Segment Start: Dataset
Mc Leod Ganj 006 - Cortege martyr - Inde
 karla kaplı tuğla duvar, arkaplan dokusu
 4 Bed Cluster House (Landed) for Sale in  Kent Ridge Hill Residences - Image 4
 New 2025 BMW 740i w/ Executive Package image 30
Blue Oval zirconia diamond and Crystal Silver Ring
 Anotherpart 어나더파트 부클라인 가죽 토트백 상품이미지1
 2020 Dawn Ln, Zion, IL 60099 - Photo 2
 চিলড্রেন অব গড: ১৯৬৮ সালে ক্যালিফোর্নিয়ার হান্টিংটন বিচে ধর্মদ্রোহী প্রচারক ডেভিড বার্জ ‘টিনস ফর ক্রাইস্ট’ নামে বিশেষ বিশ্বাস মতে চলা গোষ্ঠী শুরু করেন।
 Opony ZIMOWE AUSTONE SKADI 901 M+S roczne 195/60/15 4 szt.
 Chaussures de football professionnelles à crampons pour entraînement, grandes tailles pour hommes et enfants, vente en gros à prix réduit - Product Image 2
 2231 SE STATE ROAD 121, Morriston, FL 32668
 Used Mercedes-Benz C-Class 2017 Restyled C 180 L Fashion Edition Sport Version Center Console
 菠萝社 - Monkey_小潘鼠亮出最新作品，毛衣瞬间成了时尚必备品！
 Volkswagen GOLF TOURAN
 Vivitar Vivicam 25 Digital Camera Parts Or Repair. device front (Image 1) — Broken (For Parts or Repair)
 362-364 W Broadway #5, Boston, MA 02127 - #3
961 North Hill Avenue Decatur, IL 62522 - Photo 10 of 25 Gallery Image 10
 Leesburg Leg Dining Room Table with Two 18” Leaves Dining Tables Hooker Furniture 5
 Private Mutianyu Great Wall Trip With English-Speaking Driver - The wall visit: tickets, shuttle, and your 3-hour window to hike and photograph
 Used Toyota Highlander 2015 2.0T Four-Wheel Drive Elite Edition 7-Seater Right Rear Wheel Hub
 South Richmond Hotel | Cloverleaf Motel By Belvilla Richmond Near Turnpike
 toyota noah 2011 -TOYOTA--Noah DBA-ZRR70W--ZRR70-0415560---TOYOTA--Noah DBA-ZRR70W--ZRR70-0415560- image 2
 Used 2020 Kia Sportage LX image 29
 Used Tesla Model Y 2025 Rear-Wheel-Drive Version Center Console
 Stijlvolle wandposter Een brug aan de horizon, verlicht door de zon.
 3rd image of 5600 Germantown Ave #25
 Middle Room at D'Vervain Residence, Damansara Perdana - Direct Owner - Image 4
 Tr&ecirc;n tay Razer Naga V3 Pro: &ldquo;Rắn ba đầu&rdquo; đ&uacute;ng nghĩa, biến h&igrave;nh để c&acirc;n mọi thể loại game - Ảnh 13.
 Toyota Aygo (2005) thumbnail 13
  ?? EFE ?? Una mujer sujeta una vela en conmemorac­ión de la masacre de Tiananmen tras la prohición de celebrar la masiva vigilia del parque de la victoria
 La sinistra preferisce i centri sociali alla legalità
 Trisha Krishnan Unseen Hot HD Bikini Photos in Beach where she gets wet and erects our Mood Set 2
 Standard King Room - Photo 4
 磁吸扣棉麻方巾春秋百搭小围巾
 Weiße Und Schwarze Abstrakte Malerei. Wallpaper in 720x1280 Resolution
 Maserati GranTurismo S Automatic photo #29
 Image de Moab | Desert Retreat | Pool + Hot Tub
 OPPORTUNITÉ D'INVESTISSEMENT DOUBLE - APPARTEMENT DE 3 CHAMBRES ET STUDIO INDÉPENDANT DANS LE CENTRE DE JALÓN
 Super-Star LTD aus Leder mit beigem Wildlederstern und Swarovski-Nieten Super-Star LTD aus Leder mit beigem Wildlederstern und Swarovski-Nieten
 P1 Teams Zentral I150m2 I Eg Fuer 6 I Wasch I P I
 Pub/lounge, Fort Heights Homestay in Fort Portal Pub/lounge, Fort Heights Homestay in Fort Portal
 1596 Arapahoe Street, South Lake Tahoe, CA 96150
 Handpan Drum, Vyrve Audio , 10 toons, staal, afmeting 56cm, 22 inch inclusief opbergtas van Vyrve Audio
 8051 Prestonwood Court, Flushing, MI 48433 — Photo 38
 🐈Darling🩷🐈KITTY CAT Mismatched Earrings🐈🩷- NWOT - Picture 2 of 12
Segment End: Dataset
[Task to complete] Repeat exactly the lines above from the one with "Used Mercedes-Benz C-Class" up to and including the one with "Toyota Aygo (2005) thumbnail 13". No other line belongs in the reply.

[Response area]
 Used Mercedes-Benz C-Class 2017 Restyled C 180 L Fashion Edition Sport Version Center Console
 菠萝社 - Monkey_小潘鼠亮出最新作品，毛衣瞬间成了时尚必备品！
 Volkswagen GOLF TOURAN
 Vivitar Vivicam 25 Digital Camera Parts Or Repair. device front (Image 1) — Broken (For Parts or Repair)
 362-364 W Broadway #5, Boston, MA 02127 - #3
961 North Hill Avenue Decatur, IL 62522 - Photo 10 of 25 Gallery Image 10
 Leesburg Leg Dining Room Table with Two 18” Leaves Dining Tables Hooker Furniture 5
 Private Mutianyu Great Wall Trip With English-Speaking Driver - The wall visit: tickets, shuttle, and your 3-hour window to hike and photograph
 Used Toyota Highlander 2015 2.0T Four-Wheel Drive Elite Edition 7-Seater Right Rear Wheel Hub
 South Richmond Hotel | Cloverleaf Motel By Belvilla Richmond Near Turnpike
 toyota noah 2011 -TOYOTA--Noah DBA-ZRR70W--ZRR70-0415560---TOYOTA--Noah DBA-ZRR70W--ZRR70-0415560- image 2
 Used 2020 Kia Sportage LX image 29
 Used Tesla Model Y 2025 Rear-Wheel-Drive Version Center Console
 Stijlvolle wandposter Een brug aan de horizon, verlicht door de zon.
 3rd image of 5600 Germantown Ave #25
 Middle Room at D'Vervain Residence, Damansara Perdana - Direct Owner - Image 4
 Tr&ecirc;n tay Razer Naga V3 Pro: &ldquo;Rắn ba đầu&rdquo; đ&uacute;ng nghĩa, biến h&igrave;nh để c&acirc;n mọi thể loại game - Ảnh 13.
 Toyota Aygo (2005) thumbnail 13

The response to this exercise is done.